Schon der Buchumschlag läßt nichts Gutes ahnen: „101 Ideen für Besucher und Reisende in Irland – Der unentbehrliche Reisebegleiter, der Ihnen den Zauber Irlands erschließt“, steht auf dem schmalen, aber durchgängig vierfarbig gedruckten Pappbändchen. Der Dubliner Verlag Gill and Macmillan hat sich auf den Touristenmarkt spezialisiert und bringt seine unglaublich trivialen Bücher („Schönes Irland“) nicht nur in englisch, sondern auch in einer französischen und deutschen Ausgabe heraus. Die „101 Ideen“ von Ian Hill wurden allerdings in England konzipiert, in Dublin übersetzt, in Singapur gedruckt und zielen auf die US-Kundschaft ab. Oder sind etwa deutsche Urlauber mit dem Hinweis gemeint, sich auf die Suche nach ihren Vorfahren zu machen?
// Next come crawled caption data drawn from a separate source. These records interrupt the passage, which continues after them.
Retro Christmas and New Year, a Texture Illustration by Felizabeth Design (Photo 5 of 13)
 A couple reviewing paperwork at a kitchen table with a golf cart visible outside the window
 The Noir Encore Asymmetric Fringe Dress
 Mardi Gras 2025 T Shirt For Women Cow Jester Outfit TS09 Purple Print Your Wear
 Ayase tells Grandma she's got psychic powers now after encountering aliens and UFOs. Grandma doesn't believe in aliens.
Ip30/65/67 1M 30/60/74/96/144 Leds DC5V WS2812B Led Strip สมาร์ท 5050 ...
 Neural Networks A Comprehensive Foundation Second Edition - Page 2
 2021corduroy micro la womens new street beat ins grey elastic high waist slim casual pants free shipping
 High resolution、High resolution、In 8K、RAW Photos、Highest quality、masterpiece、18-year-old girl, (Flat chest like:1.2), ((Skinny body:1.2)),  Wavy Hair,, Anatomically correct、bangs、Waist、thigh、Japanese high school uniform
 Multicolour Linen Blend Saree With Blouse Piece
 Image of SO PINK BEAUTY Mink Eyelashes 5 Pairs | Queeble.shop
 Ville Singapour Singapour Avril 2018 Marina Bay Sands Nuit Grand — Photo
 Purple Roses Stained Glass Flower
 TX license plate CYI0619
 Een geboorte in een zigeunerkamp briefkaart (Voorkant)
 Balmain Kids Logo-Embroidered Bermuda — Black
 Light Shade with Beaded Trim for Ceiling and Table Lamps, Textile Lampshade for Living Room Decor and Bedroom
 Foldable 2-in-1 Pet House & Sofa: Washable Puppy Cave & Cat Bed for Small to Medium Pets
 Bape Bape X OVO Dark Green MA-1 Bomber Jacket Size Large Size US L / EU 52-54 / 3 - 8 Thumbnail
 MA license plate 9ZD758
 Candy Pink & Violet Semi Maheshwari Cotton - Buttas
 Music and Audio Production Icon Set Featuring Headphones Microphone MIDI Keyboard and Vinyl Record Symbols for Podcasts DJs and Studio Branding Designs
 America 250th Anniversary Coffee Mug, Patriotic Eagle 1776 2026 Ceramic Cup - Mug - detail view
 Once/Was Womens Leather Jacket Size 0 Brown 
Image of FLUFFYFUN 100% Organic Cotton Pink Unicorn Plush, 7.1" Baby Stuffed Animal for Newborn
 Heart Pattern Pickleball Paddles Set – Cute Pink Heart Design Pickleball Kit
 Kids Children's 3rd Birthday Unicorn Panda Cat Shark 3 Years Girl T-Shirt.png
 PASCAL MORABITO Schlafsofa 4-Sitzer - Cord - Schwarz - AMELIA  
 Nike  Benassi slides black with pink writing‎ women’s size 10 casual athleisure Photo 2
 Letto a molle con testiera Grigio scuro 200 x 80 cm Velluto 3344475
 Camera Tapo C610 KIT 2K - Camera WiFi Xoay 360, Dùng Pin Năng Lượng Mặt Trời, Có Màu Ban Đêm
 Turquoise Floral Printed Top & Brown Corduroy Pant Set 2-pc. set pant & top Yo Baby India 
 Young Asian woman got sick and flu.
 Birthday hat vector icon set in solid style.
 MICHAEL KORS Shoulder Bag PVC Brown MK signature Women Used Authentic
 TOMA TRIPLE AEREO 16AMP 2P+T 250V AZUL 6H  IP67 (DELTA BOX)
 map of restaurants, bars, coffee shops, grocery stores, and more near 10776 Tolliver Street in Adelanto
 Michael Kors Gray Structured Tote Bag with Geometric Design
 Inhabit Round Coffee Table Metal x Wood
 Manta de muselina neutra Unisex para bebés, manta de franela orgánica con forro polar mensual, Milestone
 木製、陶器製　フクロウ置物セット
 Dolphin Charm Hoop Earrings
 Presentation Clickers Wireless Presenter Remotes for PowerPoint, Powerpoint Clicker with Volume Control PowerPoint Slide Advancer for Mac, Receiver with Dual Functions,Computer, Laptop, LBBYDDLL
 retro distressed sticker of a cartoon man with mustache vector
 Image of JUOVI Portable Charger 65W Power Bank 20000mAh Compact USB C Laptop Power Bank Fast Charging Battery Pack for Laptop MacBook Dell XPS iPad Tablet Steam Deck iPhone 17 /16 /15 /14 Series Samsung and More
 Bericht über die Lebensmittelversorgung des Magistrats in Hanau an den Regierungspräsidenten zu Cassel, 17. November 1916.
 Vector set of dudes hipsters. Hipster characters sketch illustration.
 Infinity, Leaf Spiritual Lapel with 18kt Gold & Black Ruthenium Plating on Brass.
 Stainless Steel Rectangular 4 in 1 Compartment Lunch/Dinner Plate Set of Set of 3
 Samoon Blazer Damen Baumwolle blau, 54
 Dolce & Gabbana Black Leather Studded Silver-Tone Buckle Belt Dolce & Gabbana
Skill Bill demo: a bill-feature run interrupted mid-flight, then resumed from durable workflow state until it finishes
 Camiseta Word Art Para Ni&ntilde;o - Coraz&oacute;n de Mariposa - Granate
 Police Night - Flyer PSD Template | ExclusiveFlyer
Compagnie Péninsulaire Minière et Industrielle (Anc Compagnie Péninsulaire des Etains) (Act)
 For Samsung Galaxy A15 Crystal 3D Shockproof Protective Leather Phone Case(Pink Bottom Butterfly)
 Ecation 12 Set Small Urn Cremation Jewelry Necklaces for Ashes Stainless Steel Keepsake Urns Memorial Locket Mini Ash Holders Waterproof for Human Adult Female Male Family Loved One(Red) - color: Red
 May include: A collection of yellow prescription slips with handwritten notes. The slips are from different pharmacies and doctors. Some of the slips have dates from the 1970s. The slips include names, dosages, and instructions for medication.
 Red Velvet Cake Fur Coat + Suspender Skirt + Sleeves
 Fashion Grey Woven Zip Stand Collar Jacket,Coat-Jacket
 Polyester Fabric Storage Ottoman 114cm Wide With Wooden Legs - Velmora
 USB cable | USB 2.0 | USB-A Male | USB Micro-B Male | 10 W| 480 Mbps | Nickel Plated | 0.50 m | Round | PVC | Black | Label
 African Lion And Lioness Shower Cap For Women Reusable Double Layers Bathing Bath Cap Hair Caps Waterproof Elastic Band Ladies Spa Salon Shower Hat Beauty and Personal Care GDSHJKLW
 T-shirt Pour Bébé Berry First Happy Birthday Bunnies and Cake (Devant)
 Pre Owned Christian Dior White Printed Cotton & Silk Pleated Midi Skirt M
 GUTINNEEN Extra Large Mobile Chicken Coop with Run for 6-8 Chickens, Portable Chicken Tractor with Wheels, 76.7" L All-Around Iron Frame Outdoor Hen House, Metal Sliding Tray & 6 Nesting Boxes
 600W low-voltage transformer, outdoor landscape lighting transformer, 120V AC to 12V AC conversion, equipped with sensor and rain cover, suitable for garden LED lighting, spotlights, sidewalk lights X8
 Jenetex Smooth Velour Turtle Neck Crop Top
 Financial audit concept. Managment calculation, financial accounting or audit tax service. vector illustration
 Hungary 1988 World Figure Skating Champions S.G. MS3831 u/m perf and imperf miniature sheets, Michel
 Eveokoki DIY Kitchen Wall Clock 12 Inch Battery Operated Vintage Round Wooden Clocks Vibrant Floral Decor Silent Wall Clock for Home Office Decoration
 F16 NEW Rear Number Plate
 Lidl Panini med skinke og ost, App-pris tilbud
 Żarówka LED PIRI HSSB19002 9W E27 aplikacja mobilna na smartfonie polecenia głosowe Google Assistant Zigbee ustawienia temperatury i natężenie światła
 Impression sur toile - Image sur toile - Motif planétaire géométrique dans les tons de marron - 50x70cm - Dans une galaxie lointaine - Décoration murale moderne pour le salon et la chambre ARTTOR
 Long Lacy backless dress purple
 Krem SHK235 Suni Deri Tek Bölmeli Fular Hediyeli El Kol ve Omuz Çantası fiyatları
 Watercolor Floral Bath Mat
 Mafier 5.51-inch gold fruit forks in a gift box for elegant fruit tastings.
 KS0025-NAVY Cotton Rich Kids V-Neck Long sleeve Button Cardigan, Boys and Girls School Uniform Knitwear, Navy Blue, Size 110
Ebenso wenig dürfte es die meisten Nicht-Amis interessieren, daß Ronald Reagan dereinst das Dorf Ballyporeen besucht hat. Und auf wen ist wohl der folgende Ratschlag zugeschnitten: „Parken Sie Ihren Wagen bei einem Bach und kurbeln Sie das Fenster herunter. Deswegen sind Sie gekommen.“ Eher kryptisch ist dagegen dieser Tip: „Spielen Sie Bezigue mit Miss Tottenham in Fethard's Loftus Hall Hotel. 1750 saß der Teufel mit ihr am Spieltisch. Ihr Geist spielt heute noch.“ Wer, zum Teufel, ist Miss Tottenham? Bücher, die überhaupt keinen Informationsgehalt haben, sind selten. Dieses ist eins. Der Text ist lediglich Rahmen für die briefmarkengroßen Bilder und noch dazu im Imperativ: „Begegnen Sie Wildvögeln! Besichtigen Sie! Besuchen Sie! Zockeln Sie! Laufen Sie! Pausieren Sie! Stellen Sie sich im Frühjahr auf die Salmon Weir Bridge!“ Lassen Sie die Hände von dem Buch!

Wenn Sie wirklich etwas über Irland erfahren wollen, kaufen Sie besser den deutschsprachigen Kneipenführer „Old Irish Pubs“ von Michael Nagl (Text) und Robert Moosmüller (Fotos). Insgesamt werden 44 Kneipen vorgestellt, wobei auch Nordirland nicht ausgespart wird. Selbst mein Lieblings-Pub, das „Crosskeys Inn“ in Toome, ist enthalten, und auch die beiden Belfaster Hafenspelunken „Pat's Bar“ und „Rotterdam Bar“ fehlen nicht. Darüber hinaus enthält das Buch Kapitel über Whiskey, Guinness, Literatur und Suff, die Abstinenzlerbewegung, die leidige Sperrstunde und vieles mehr. Aber Vorsicht: Beim Lesen kommt der Durst.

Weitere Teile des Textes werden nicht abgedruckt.